▶ _Extracted entries_:
▬▬▬▬▬▬▬▬▬▬
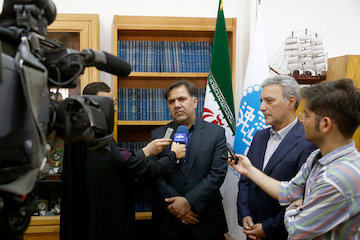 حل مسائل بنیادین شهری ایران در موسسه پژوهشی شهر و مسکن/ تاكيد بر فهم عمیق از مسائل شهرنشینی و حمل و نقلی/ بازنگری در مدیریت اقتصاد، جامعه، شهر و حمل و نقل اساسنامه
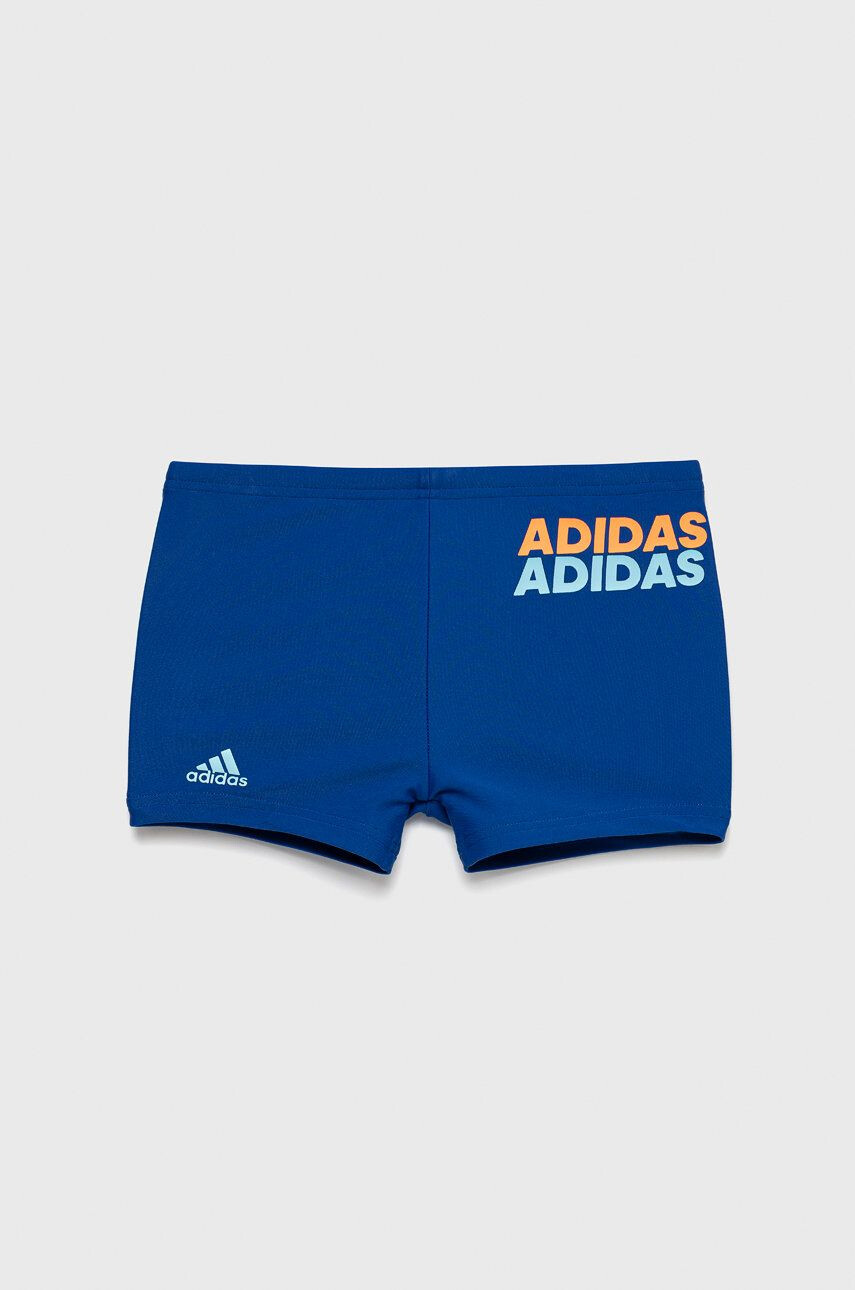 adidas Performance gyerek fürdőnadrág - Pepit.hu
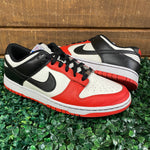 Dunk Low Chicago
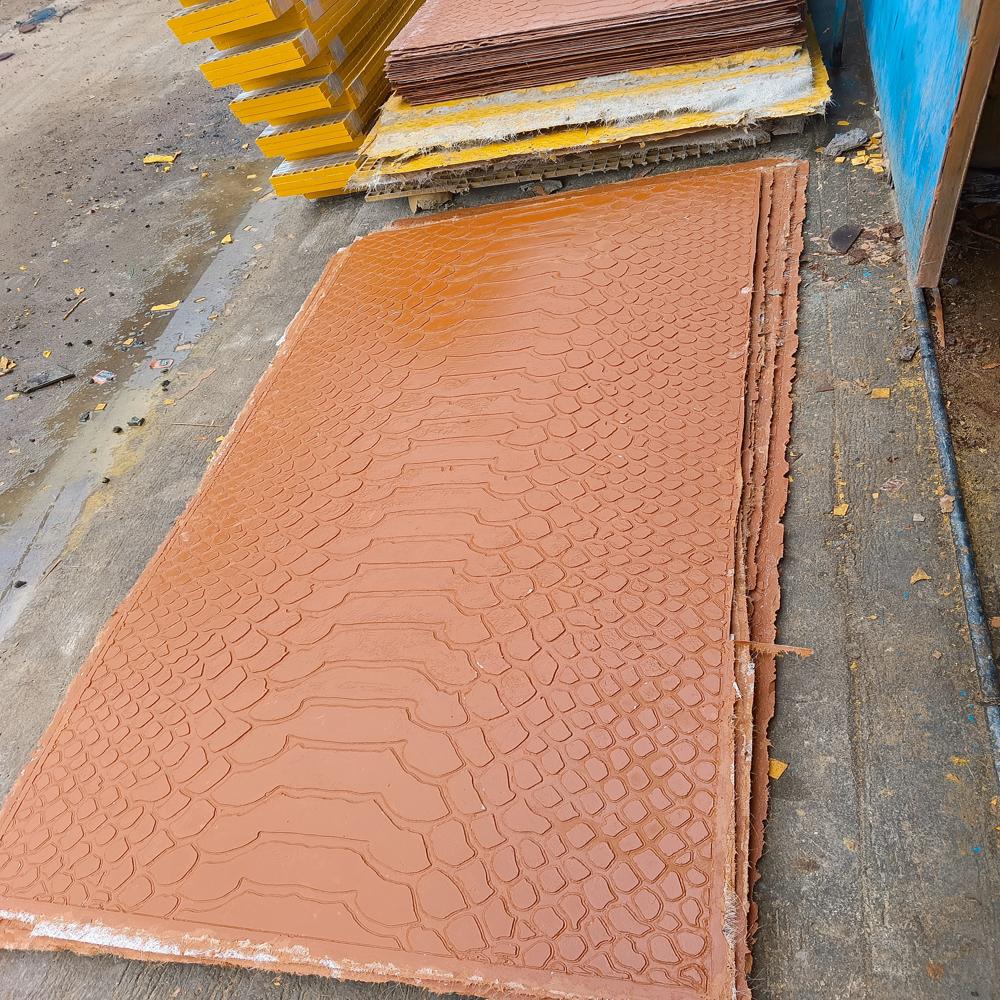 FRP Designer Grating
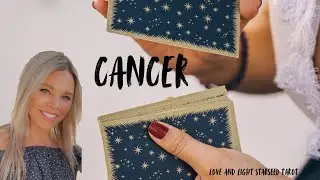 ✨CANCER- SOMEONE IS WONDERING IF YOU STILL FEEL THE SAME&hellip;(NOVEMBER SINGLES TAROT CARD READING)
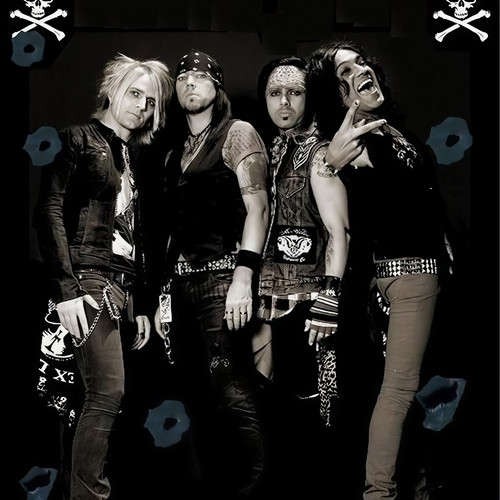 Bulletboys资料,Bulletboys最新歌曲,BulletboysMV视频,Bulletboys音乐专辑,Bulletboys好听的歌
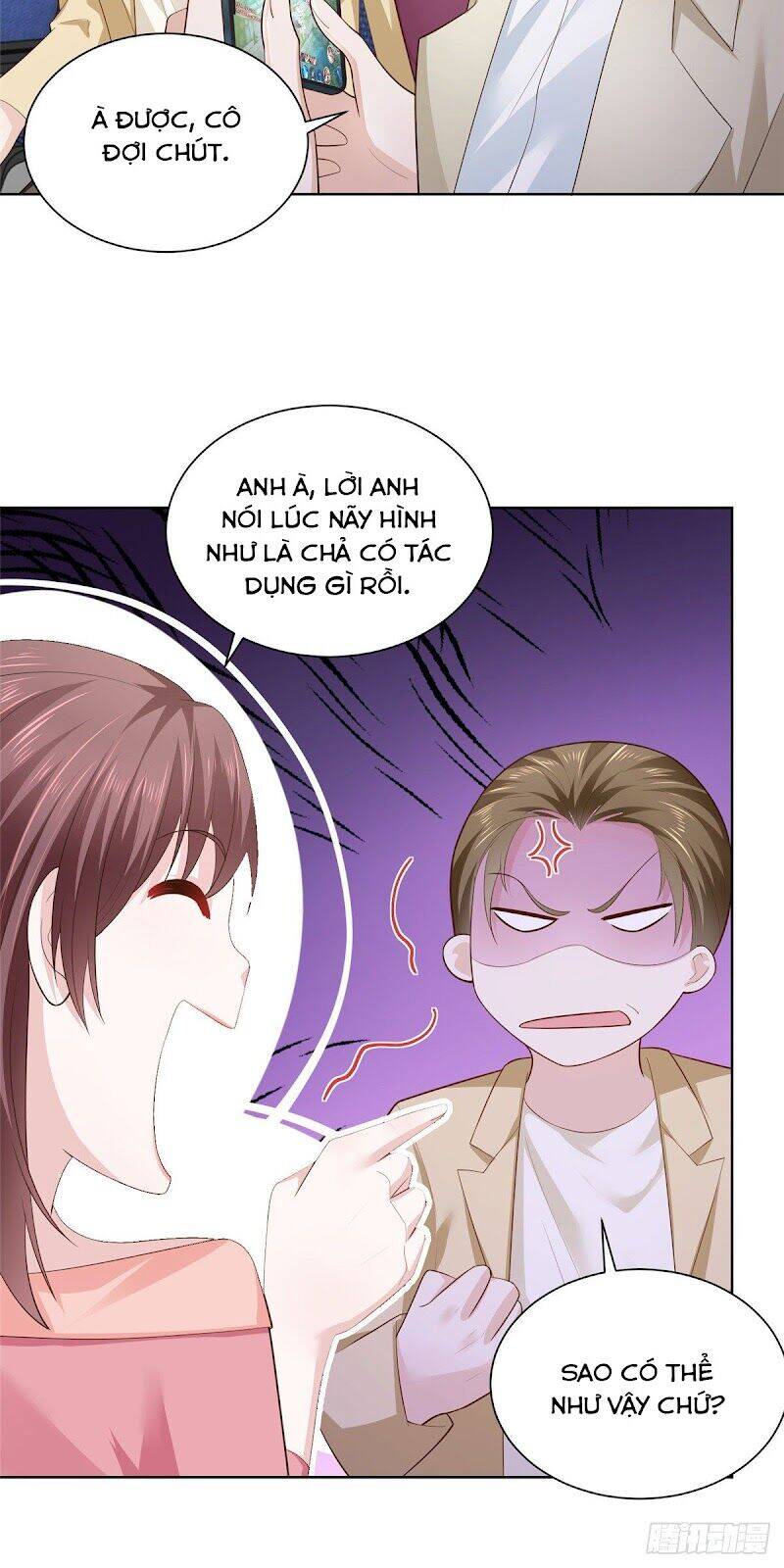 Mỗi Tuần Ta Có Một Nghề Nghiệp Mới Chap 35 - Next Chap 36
▬▬▬▬▬▬▬▬▬▬
▶ _What is expected_: The required result is an exact copy of the lines from the line containing "adidas Performance gyerek" through the end of the entries, with every picture left out.

▶ _Exercise answer_:
 adidas Performance gyerek fürdőnadrág - Pepit.hu
 Dunk Low Chicago
 FRP Designer Grating
 ✨CANCER- SOMEONE IS WONDERING IF YOU STILL FEEL THE SAME&hellip;(NOVEMBER SINGLES TAROT CARD READING)
 Bulletboys资料,Bulletboys最新歌曲,BulletboysMV视频,Bulletboys音乐专辑,Bulletboys好听的歌
 Mỗi Tuần Ta Có Một Nghề Nghiệp Mới Chap 35 - Next Chap 36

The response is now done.